Fue ayer, 31 de Diciembre.
Acababa yo de almorzar con mi viejo amigo Jorge Garín.
El criado le pasó una carta con sellos extranjeros:
Jorge me dijo:
-¿Me permites?
-Naturalmente.
Se puso a leer ocho páginas cubiertas de úna grande
letra inglesa, con renglones cruzados en varias direcciones. Leía despacio, con
reconcentrada atención, con ese interés que uno pone en las cosas que le
atañen profundamente.
Puso la carta sobre la chimenea y me dijo:
Esta es una curiosa historia que nunca te he contado,
una historia sentimental que me sucedió. Fué un singular día primero de año aquél.
Hará veinte años de esto... Sí, yo tenía entonces treinta, y ahora tengo
cincuenta. Eso es.
Era entonces inspector de la Compañía de Seguros
Marítimos que hoy dirijo. Me disponía a pasar en París la fiesta de primero de
año, cuando recibí una carta del director, ordenándome partir inmediatamente
para la isla de Re, donde acababa de naufragar el buque de tres palos que
partió de Saint Nazaire, asegurado por nosotros. Eran las ocho de la mañana. Llegué a
las diez a la Compañía,
para recibir instrucciones; y aquella misma tarde tomaba el expreso que me
dejaba en la Rochela
al día siguiente, 31 de Diciembre.
Me quedaban dos horas antes de subir al barco de
Ré, el Jean-Guiton. Di una vuelta por
la ciudad.
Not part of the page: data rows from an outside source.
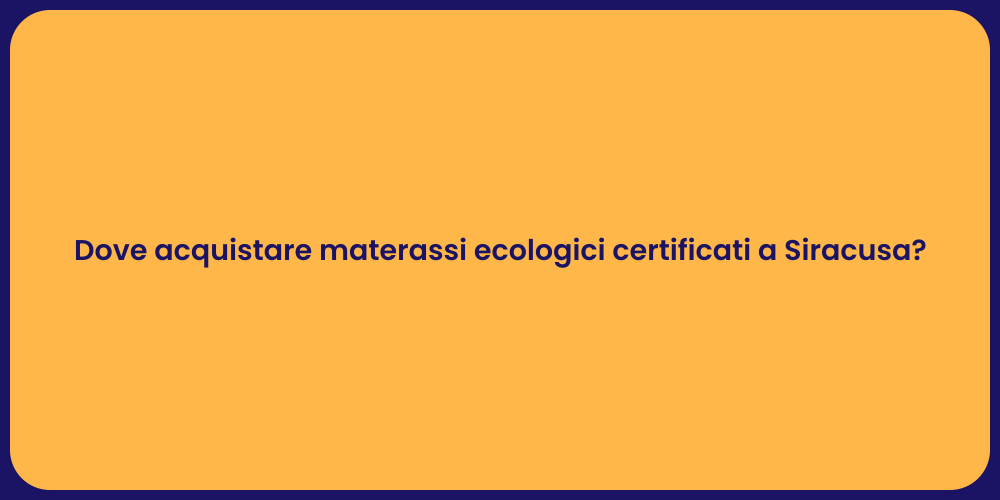Dove acquistare materassi ecologici certificati a Siracusa?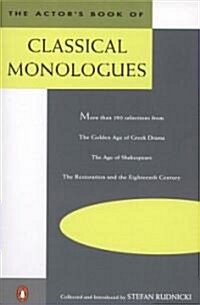 The Actors Book of Classical Monologues: More Than 150 Selections from the Golden Age of Greek Drama, the Age of Shakespeare, the Restoration and the (Paperback)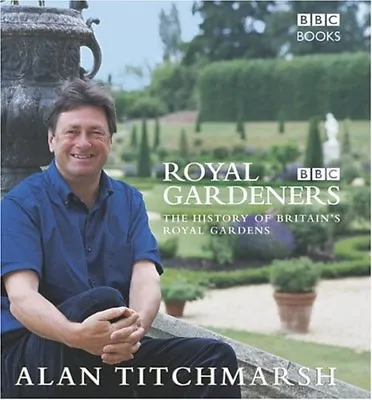£3.02 • Buy Royal Gardeners,Alan Titchmarsh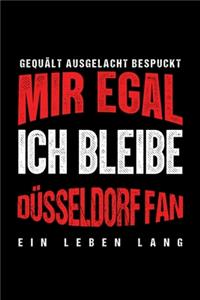 Gequält Ausgelacht Bespuckt Mir egal ich bleibe Düsseldorf Fan ein Leben Lang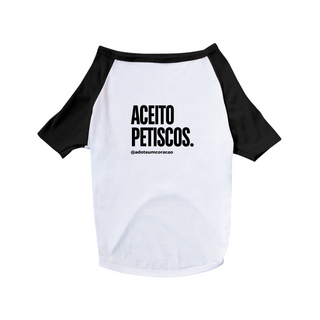 Nome do produtoT-shirt Pet - Aceito Petiscos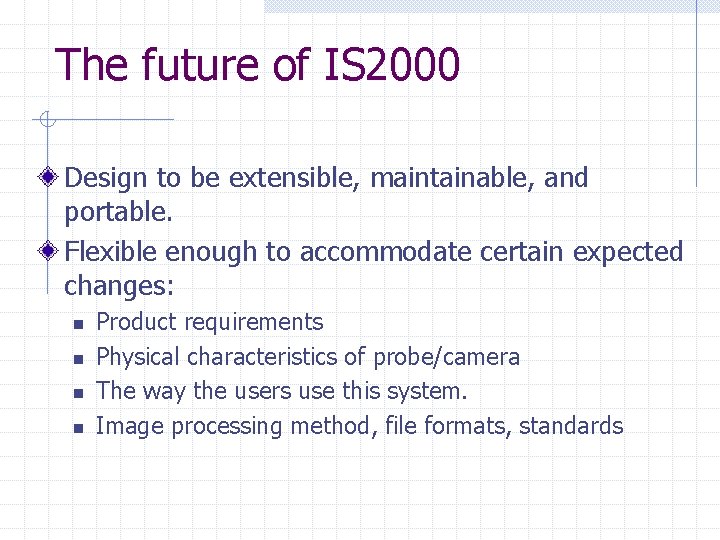 The future of IS 2000 Design to be extensible, maintainable, and portable. Flexible enough The future of IS 2000 Design to be extensible, maintainable, and portable. Flexible enough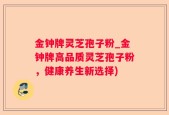 金钟牌灵芝孢子粉_金钟牌高品质灵芝孢子粉，健康养生新选择)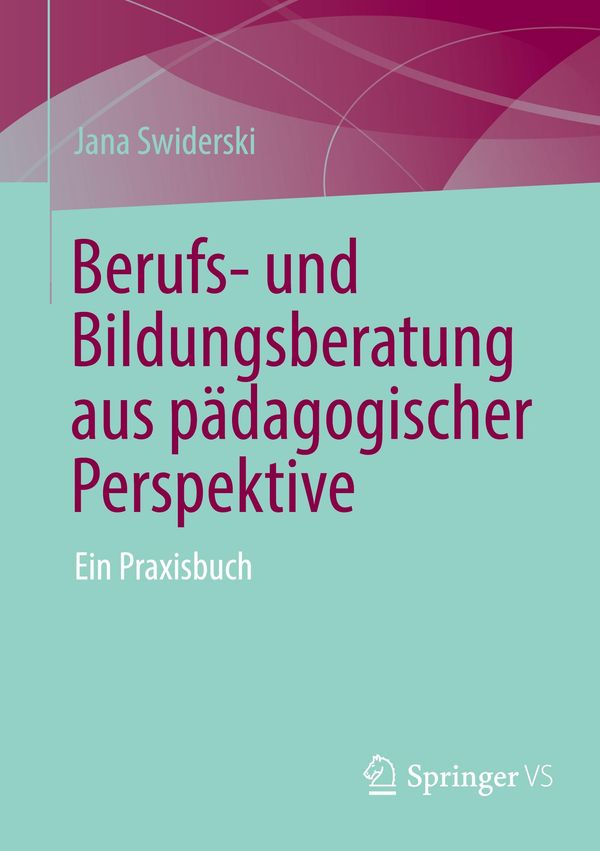 Berufs- und Bildungsberatung aus pädagogischer Perspektive (Buch)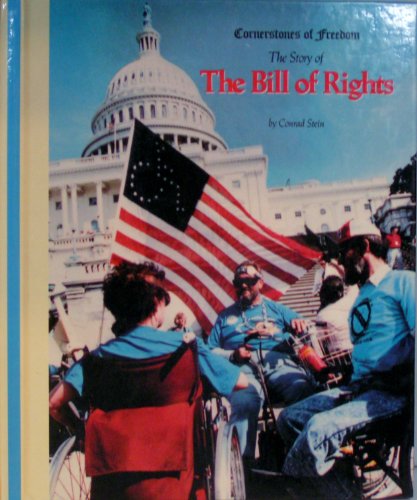 The Bill of Rights (Cornerstones of Freedom)
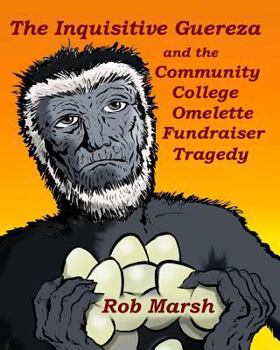 Paperback The Inquisitive Guereza and the Community College Omelette Fundraiser Tragedy Book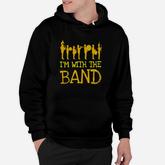 I Am With The Band Marching Band Hoodie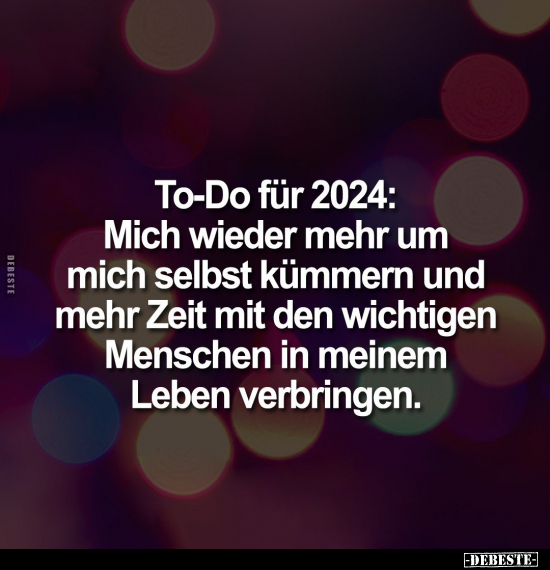 To-Do für 2024: Mich wieder mehr um mich selbst kümmern und.. - Lustige Bilder | DEBESTE.de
Muy
pintoresca y de mucho carácter es, en verdad, la ciudad de la Rochela, con sus calles en
laberinto, cuyas aceras se extienden bajo interminables galerías de arcos,
como las de la calle de Rívoli, pero , mucho más bajas, galerías y arcadas
aplastadas, misteriosas, que parecen haber sido construídas como una
decoración para conspiradores, la decoración antigua y subyugante de las
guerras de antaño, guerras de religión, heroicas y salvajes. Es la vieja ciudad
hugonota, seria, discreta, sin arte soberbio, sin ninguno de esos admirables
monumentos que hacen de Ruán una ciudad tan magnífica; pero es notable sobre
todo por su fisonomía severa, un poco cazurra, ciudad de guerreros obstinados
en la que deben brotar los fanatismos, la ciudad donde se exaltó la fe de los
calvinistas y donde nació la conspiración de los cuatro sargentos.
Después de andar errante, durante un rato,, por
aquellas singulares calles, subí a un vaporcillo negro y ventrudo, que debía
conducirme hasta la isla de Ré. Partió resoplando colérico, pasó entre las dos
viejas torres que guardan el puerto, atravesó la rada, salió del dique
construí do por Richelieu, en el que se ven a flor de agua las enormes piedras
que rodean a la ciudad como urn inmenso collar; luego torció hacia la derecha.
Era uno de esos días tristes que oprimen, aplastan
el pensamiento, constriñen el corazón y apagan en nosotros toda fuerza, toda
energía; un día gris, glacial, sucio, de bruma pesada, húmeda como lluvia,
fría como hielo, molesta de respirar como la emanación de una alcantarilla.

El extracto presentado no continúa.